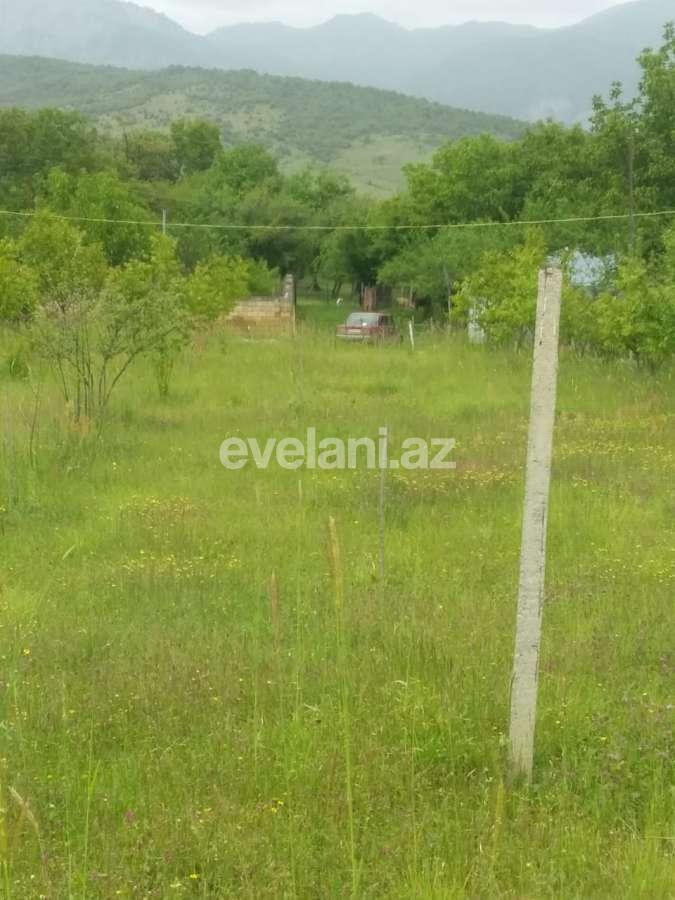 Satılır, torpaq, 50 sot, İsmayıllı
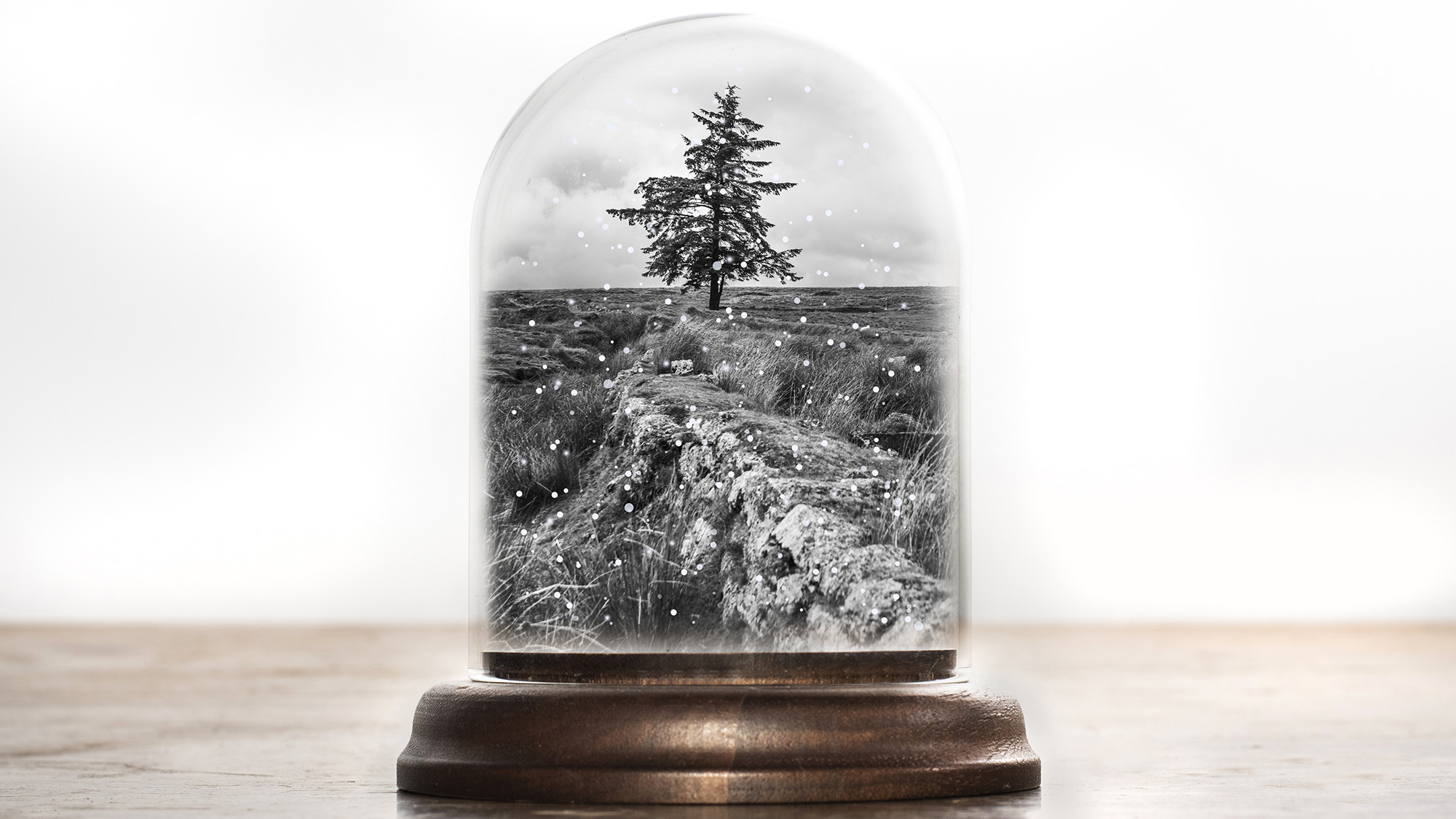 Use one of your own photos to make a seasonal snow globe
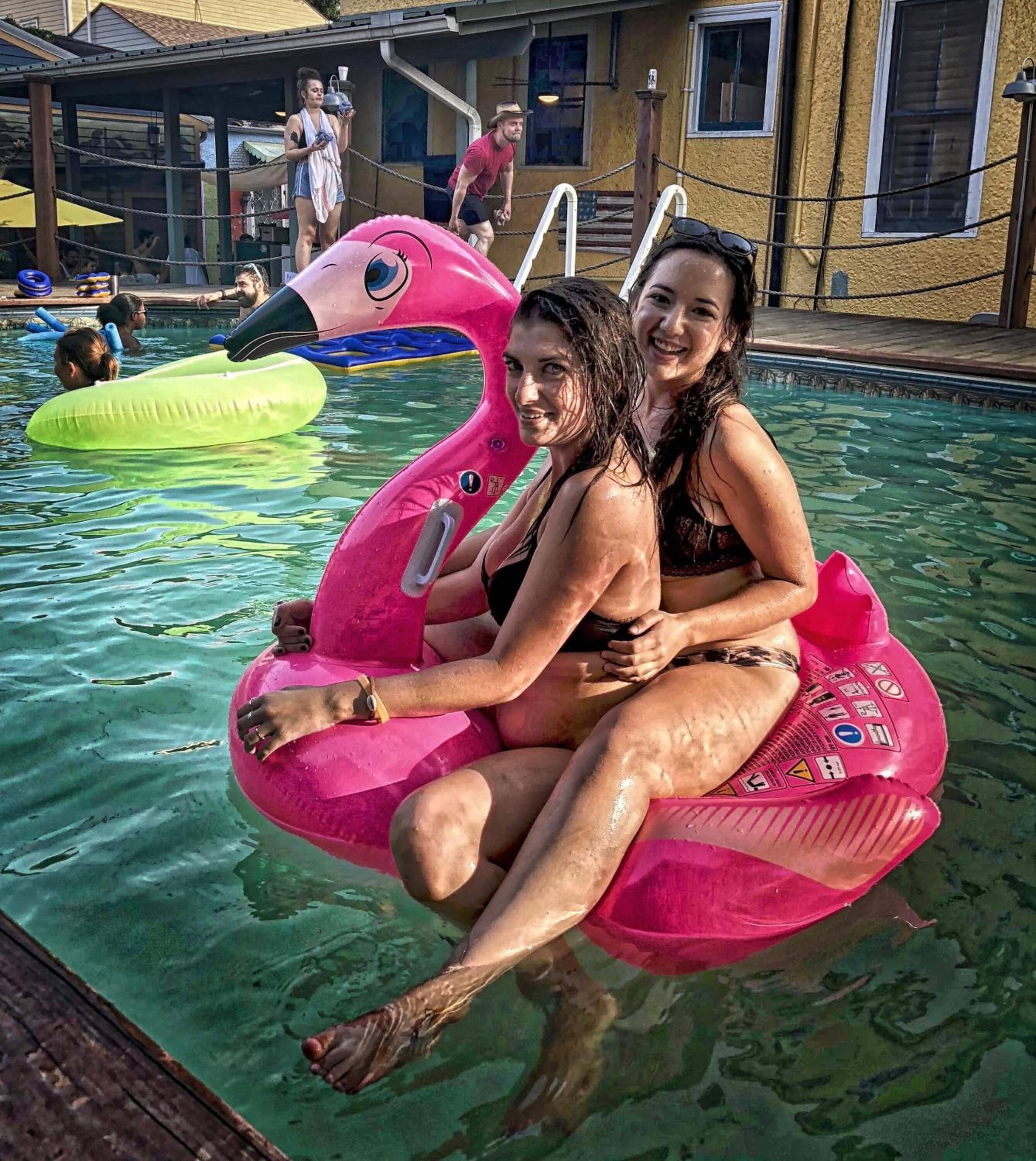 En swimmingpool med flydende flamingoer.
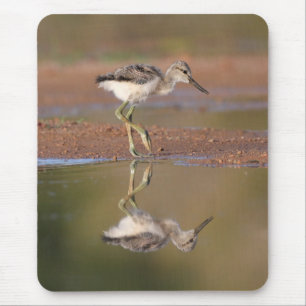Avocet-chick Musmatta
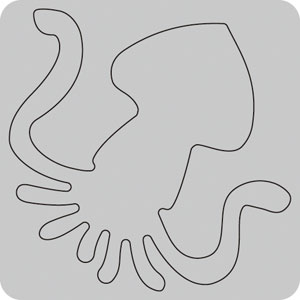 N35-136/WonderHouse/�������ϥ���/������ȴ����/squid ����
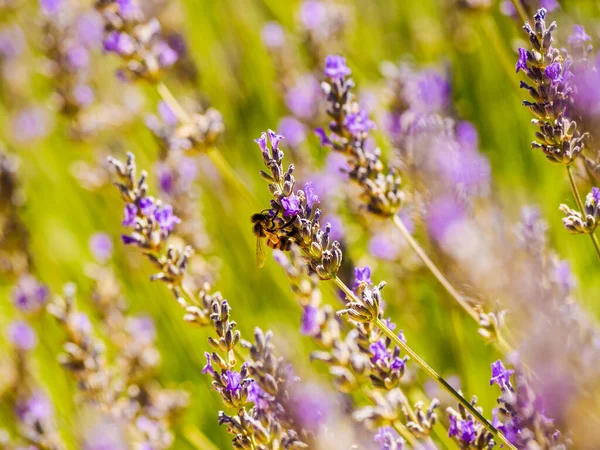 Pole Kvetoucí Levandulí Včelami Pylu Pro Sběr Květin Provence France — Stock fotografie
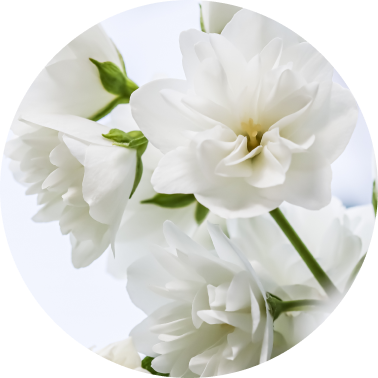 White Flowers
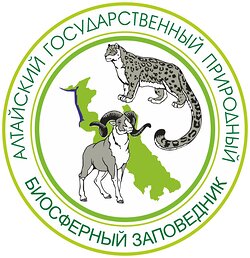 Обновление на сайте. Новое в разделе Публикации
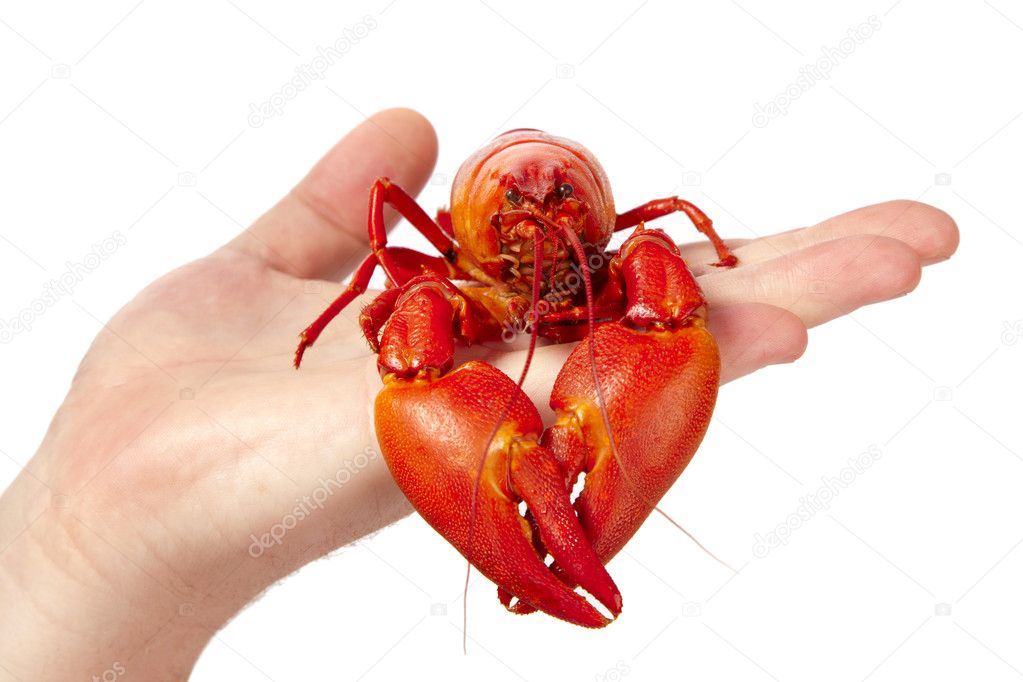 Cooked freshwater crayfish on hand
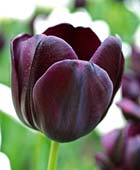 PHOTO: Tulip Queen of Night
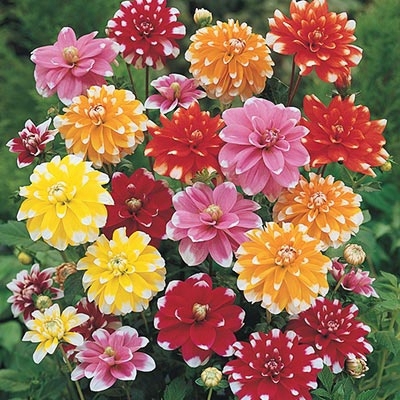 Showstopper Dahlia Mix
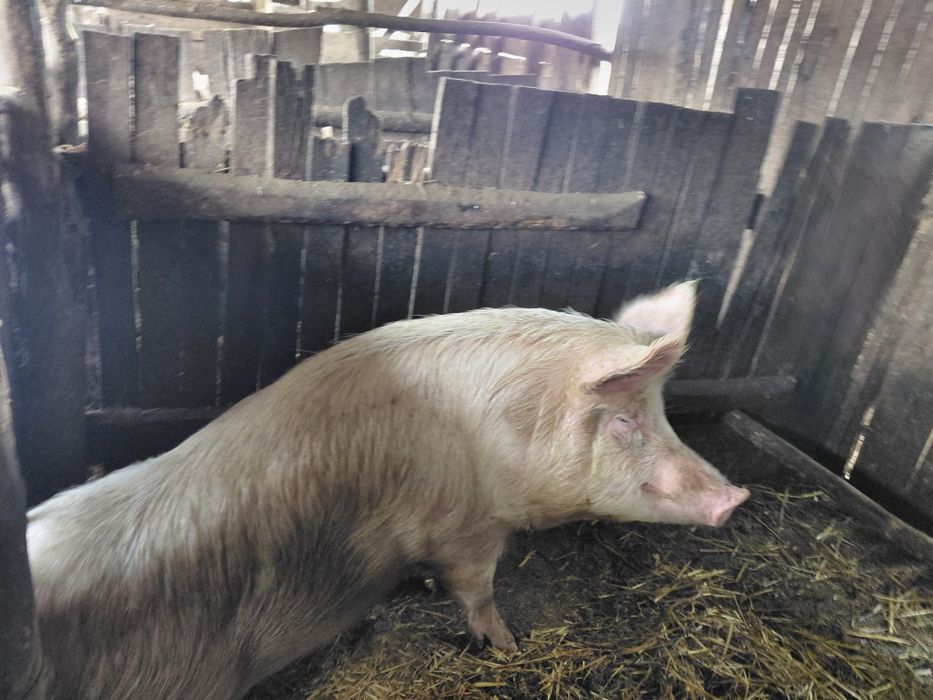 Угоени Прасета на сметка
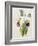 Lily-William Curtis-Framed Giclee Print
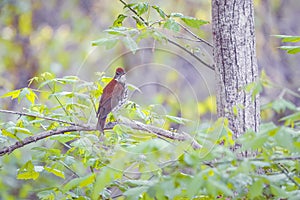 Wood thrush in Chesapeake and Ohio Canal National Historical Park.Maryland.USA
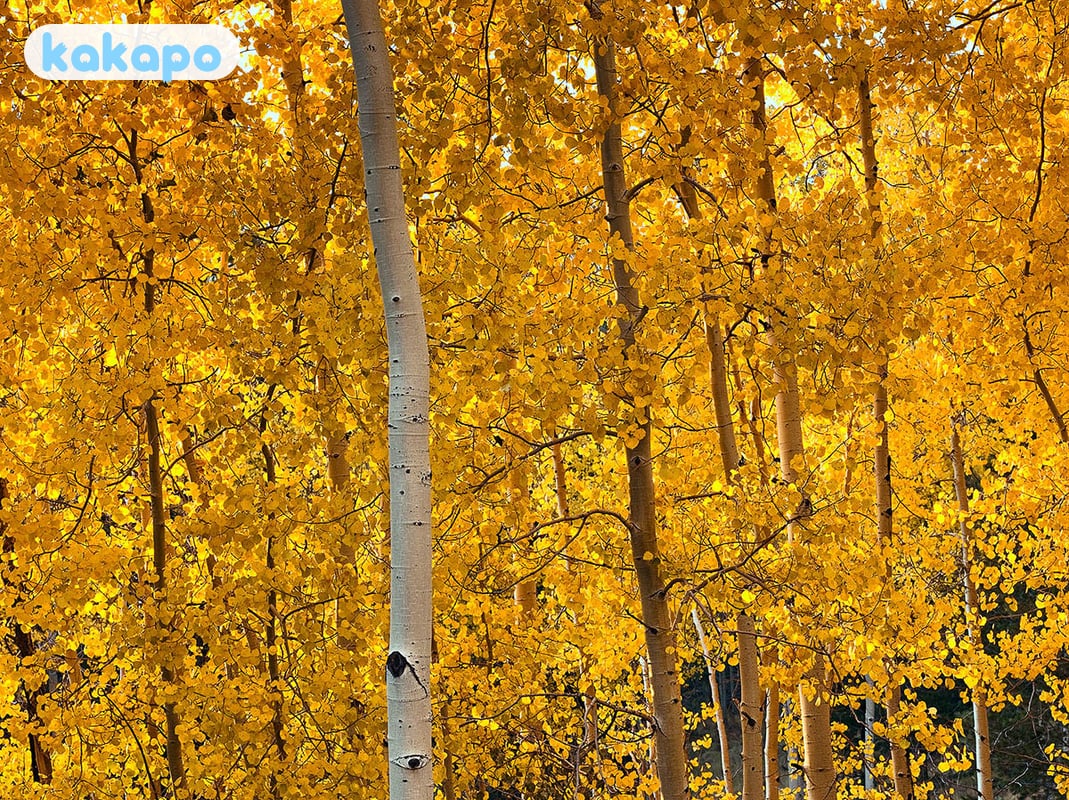 Independence Pass + Maroon Bells in Aspen, Estados Unidos — Guía de seguridad de viajes Kakapo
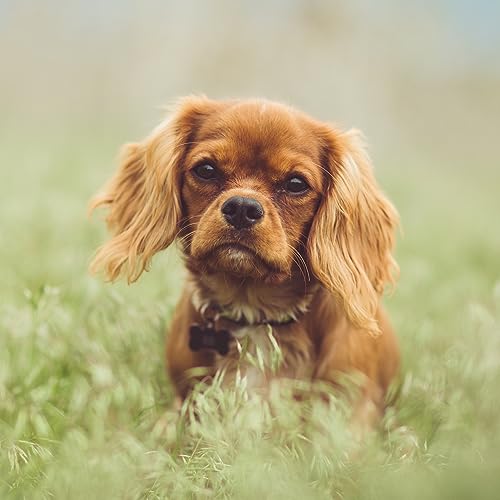41 - Ein liebendes Herz / der Hund als Gef&auml;hrte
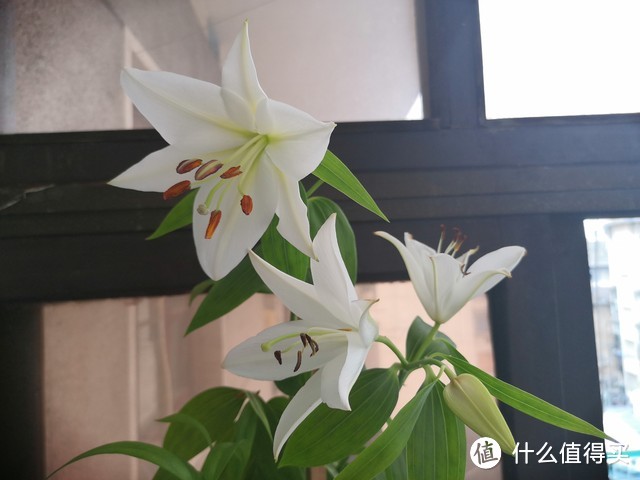 6种“球根花”,又香又高贵,“贱养”死不了,种一次“爆一窝”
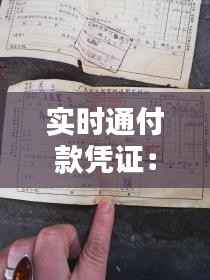 实时通付款凭证：支票的数字化替代品？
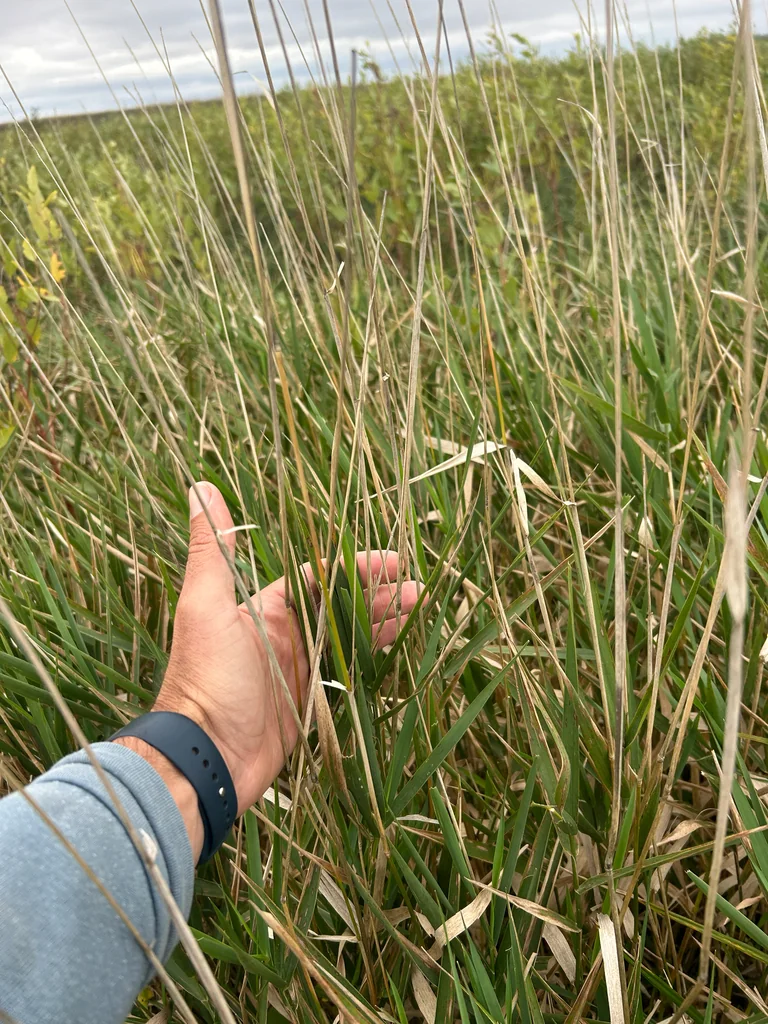 Phalaris Arundinacea Picta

◆ ◆ ◆ ◆ ◆ ◆ ◆

ACTIVITY
Using the listing above, write out exactly the lines from the one that holds "Independence Pass +" through the last line, both included, and omit pictures.

SOLUTION
 Independence Pass + Maroon Bells in Aspen, Estados Unidos — Guía de seguridad de viajes Kakapo
41 - Ein liebendes Herz / der Hund als Gef&auml;hrte
 6种“球根花”,又香又高贵,“贱养”死不了,种一次“爆一窝”
 实时通付款凭证：支票的数字化替代品？
 Phalaris Arundinacea Picta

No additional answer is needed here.